Noe: Is that a bit of a silver lining — there’s been a lot of support in light of the changes — has that help you cope and get your mind around the situation?
DS: Definitely been helpful. It’s been overwhelming to be honest because you hear from so many people. They remind you how big of a part you are of their lives. You know that people listen — we’re always gauging ratings and downloads and things of that nature, but when you hear somebody say — somebody you’ve never met say — “Wow, I miss you,” and you’ve never met that person, yeah it’s a reminder of just how special the connection is in radio.
Noe: What has the experience been like broadcasting on different platforms other than terrestrial radio?
DS: It’s been about the same. I think it’s different in that I’m trying to maintain the same level of energy and the same level of professionalism. You owe that to the people who are going out of their way to find you and listen to you on an app or listen to you on a stream. You owe that to them, not to just get in there and read out of the phone book. It’s been great to connect with those people. It’s really been great, and very flattering, when so many of them are experiencing us in a different way. They’re telling us, “Hey man, we’re out of our data plan because we’re streaming your show so much.” It just is much better when you’re actually on the radio.

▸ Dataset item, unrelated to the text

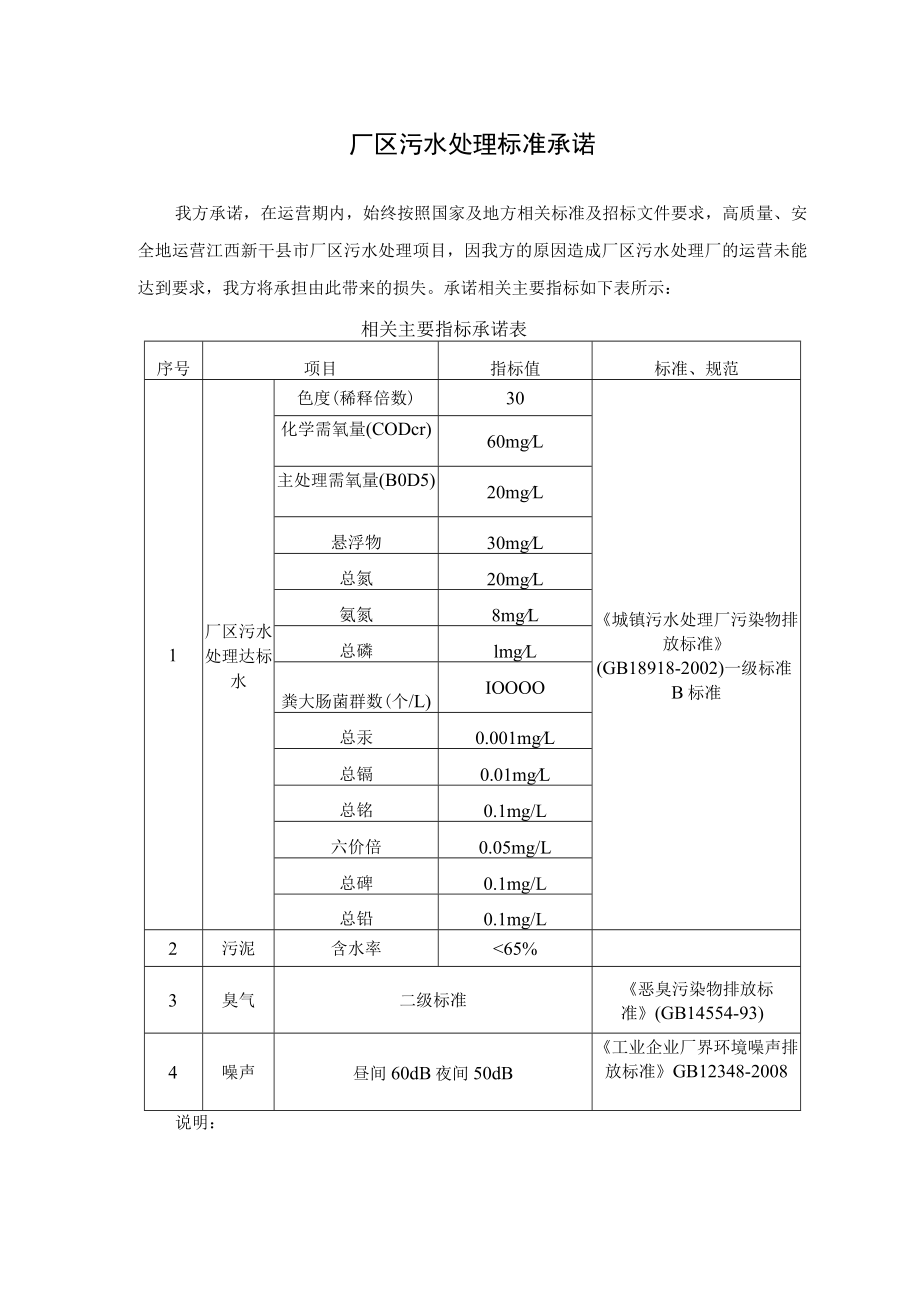 厂区污水处理标准承诺.docx_第1页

Noe: Has your performance slipped in any way due to not feeling the same juice when you’re on the air?
DS: It’s radio so I don’t want to make it seem like it’s hard, physical labor, but mentally you know that there aren’t as many people listening to your show. You just know that. So it is a strict discipline to try to carry about your business the same way. I would tell you that the week that we’ve been streaming only, I have not been as tight with my clock. I’ve not reset interviews as much. I know I’ve done that.
I think it’s probably a bad habit to fall into because when you’re back on radio, you need to get back to the discipline, the blocking and tackling of doing radio. I’ve noticed that. You sort of allow yourself to say, “Well what difference does it make if I’m a couple of minutes late getting to this break?” You know? “It doesn’t matter. We’re not on the radio. This is just people who are streaming us.” Everything about it is different. I also feel like it’s probably a pretty crummy habit to get into.
Noe: What’s your mindset right now? Is the plan to keep doing it this way for the foreseeable future?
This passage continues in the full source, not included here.